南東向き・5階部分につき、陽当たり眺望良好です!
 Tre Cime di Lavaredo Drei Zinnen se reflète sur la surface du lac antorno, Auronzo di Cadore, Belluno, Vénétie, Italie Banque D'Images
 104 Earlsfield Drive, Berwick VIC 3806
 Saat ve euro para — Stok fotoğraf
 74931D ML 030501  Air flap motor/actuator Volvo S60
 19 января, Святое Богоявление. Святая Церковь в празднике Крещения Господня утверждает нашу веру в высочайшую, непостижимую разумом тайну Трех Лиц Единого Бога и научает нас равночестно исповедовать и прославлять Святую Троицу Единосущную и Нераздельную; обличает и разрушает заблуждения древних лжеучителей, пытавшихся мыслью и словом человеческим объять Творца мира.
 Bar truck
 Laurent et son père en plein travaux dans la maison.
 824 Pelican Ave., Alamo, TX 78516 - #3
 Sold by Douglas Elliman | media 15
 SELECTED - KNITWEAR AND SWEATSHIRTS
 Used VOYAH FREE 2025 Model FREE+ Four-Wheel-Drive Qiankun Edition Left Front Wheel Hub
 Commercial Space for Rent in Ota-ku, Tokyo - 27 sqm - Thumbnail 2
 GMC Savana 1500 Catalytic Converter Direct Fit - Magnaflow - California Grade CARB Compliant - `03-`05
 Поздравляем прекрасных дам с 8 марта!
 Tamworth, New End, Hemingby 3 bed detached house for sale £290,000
--------------------------------
* Instructions for the task *
Every line above in which the word "Drive" is present must be copied into the answer.

* Answer box *
 104 Earlsfield Drive, Berwick VIC 3806
 Used VOYAH FREE 2025 Model FREE+ Four-Wheel-Drive Qiankun Edition Left Front Wheel Hub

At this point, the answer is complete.